A local man who joined the Army after graduating from high school, with dreams of becoming a career officer, is being accused of ordering Iraqi police officers to kill two civilians.
Carl Bjork, 28, who was awarded a Bronze Star for his heroism overseas, attended Evergreen High School from 1995 to 1997 before transferring to Wentworth Military Academy in Lexington, Mo. He graduated from CU in 2004 and immediately went into the Army.
“He’s a patriot. He’s a warrior. He absolutely loves the army,” said his father, Peter Bjork, an attorney in Denver who has lived in Evergreen for 19 years. “His goal was to become a career officer.”
Carl Bjork was deployed in Iraq from January 2006 to April 2007.
Peter Bjork said the work was dangerous, but his son felt he was doing what he was meant to do. “He’s a strong man. He’s a stronger man than I am,” Bjork said.
An outdoorsman who loves adventure, Carl Bjork is a golfer and a runner. He competed twice in the New Mexico Bataan Memorial Marathon, which involves running 26 miles in full uniform with a pack and boots on.
“What’s even worse is the investigation has been completed, and now they decide to drag him back to Baghdad to be alone before Christmas,” Peter Bjork said.
After the incident allegedly took place in 2006, Bjork was sent back to the United States to work a desk job. He recently was sent back to Iraq to work as a bodyguard for USO entertainers in Baghdad.

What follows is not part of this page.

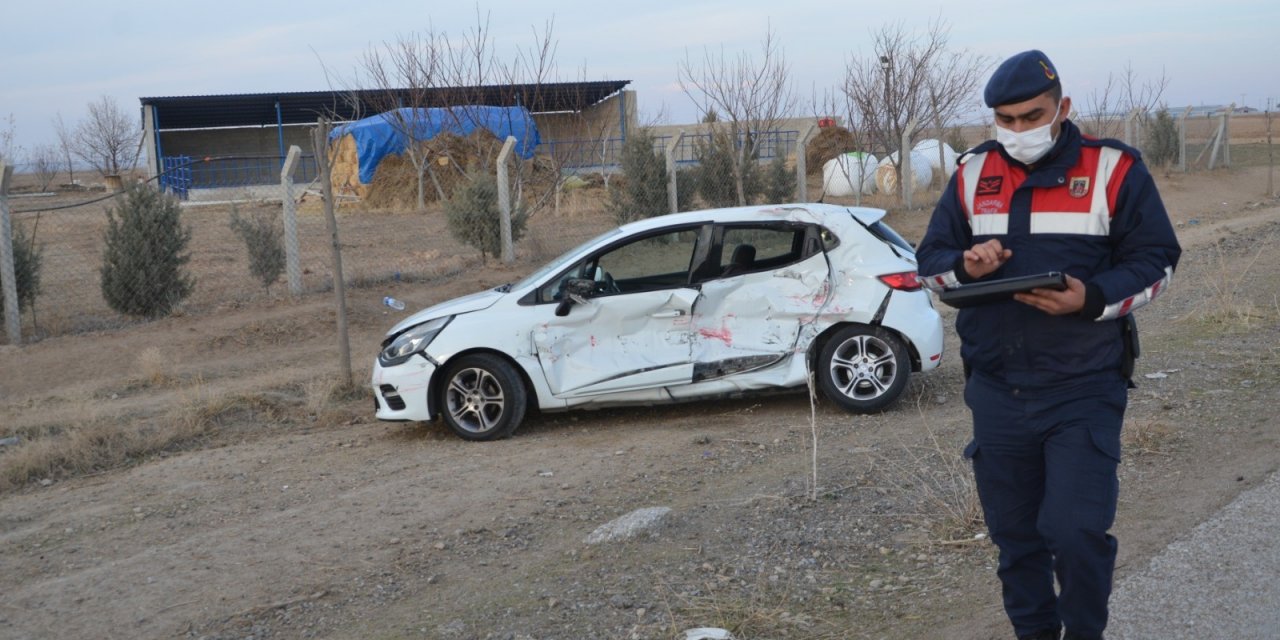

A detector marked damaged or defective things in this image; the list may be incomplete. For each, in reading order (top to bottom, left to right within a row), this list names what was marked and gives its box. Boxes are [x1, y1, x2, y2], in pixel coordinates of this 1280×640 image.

“Our lawyer believes they are looking for a get-out-of-jail-free card. They are trying to point the finger at someone else,” Peter Bjork said.

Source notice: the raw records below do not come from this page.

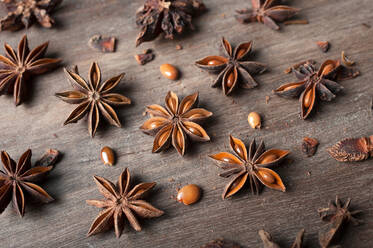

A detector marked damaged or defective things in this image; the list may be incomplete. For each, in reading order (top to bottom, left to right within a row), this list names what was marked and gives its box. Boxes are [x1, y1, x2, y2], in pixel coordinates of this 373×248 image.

broken star anise [0, 0, 62, 31]
broken star anise [135, 0, 205, 46]
broken star anise [235, 0, 300, 30]
broken star anise [0, 34, 60, 104]
broken star anise [55, 61, 131, 138]
broken star anise [140, 91, 211, 156]
broken star anise [195, 37, 264, 96]
broken star anise [274, 59, 342, 119]
broken star anise [0, 149, 58, 217]
broken star anise [87, 168, 164, 237]
broken star anise [209, 135, 288, 199]
broken star anise [316, 196, 362, 248]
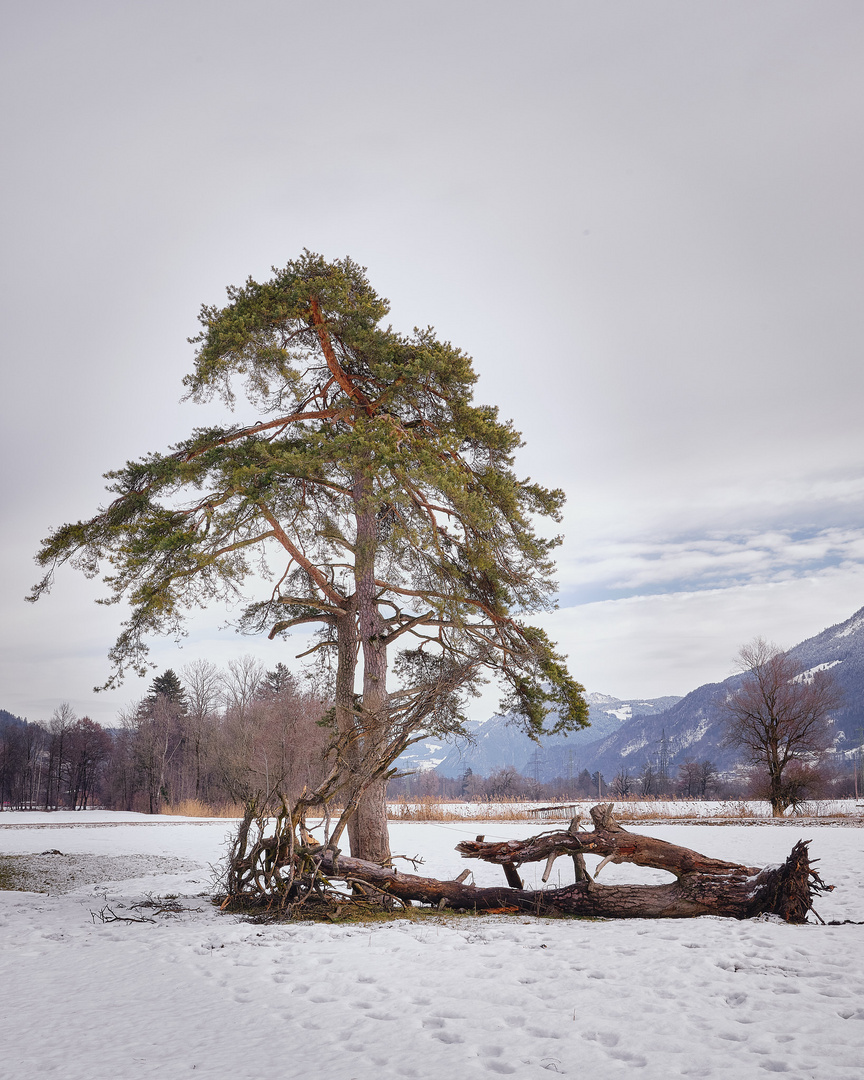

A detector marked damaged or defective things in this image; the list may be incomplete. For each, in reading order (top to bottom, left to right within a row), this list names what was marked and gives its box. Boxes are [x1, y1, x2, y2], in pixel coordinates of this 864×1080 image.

broken dead wood [223, 800, 832, 920]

The family has retained Victor Kelley, a military lawyer based in Birmingham, Ala. Kelley attended a hearing on the matter in Baghdad in November. The hearing is like a grand jury hearing in the U.S., except the defendant and his lawyer can be there, Kelley said.
Kelley told the Canyon Courier there is no evidence Bjork gave any orders to kill the men in question.
“There was no order given. There was no evidence that happened. The charges have been proffered. It’s like a complaint,” Kelley said.
“There is evidence the four people (in jail) are responsible. The thing that precipitated this was the U.S. arrested the Iraqi chief of police (Ibrahim Hamid Jaza),” Kelley said.
“As a result of him being arrested, (the prisoners) started pointing the finger … . We’ve got good evidence the former chief had a motive in seeing these people killed. (We think) they abducted the police chief’s brother and had him publicly beheaded,” Kelley said.
Kelley said it’s up to commanding officer Lt. Gen. Jocoby to decide whether or not there is “reasonable belief” that Bjork could have ordered the killings. Based on such a low standard, Kelley said he believed the case probably would go forward but that Bjork certainly will be exonerated.